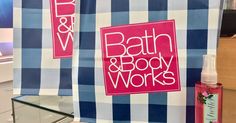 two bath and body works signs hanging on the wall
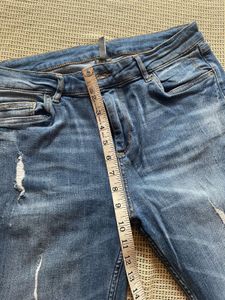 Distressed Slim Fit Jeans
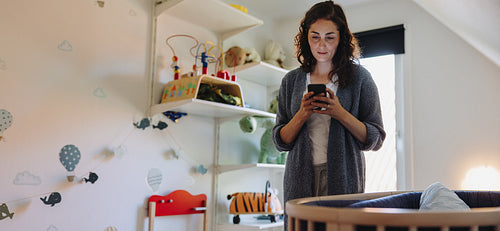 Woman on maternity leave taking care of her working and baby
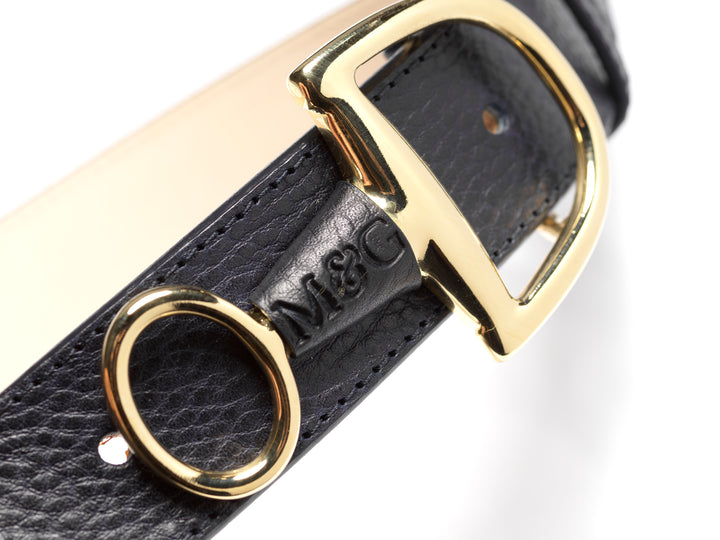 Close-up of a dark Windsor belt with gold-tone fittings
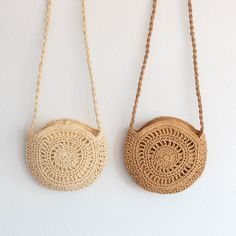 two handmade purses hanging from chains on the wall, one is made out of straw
○ ○ ○
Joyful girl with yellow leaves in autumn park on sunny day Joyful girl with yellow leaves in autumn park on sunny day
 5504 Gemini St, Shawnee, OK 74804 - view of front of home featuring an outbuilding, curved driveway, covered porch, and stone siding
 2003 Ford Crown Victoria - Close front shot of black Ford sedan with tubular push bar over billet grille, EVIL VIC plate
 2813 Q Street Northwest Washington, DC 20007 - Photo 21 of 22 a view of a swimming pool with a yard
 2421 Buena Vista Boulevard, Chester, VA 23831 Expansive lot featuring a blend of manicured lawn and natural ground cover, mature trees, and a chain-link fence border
○ ○ ○
Work task: Only those lines of the entries above that run from the line containing "5504 Gemini St, Shawnee, OK" to the line containing "2813 Q Street", both included, should be transcribed exactly.

Task answer:
 5504 Gemini St, Shawnee, OK 74804 - view of front of home featuring an outbuilding, curved driveway, covered porch, and stone siding
 2003 Ford Crown Victoria - Close front shot of black Ford sedan with tubular push bar over billet grille, EVIL VIC plate
 2813 Q Street Northwest Washington, DC 20007 - Photo 21 of 22 a view of a swimming pool with a yard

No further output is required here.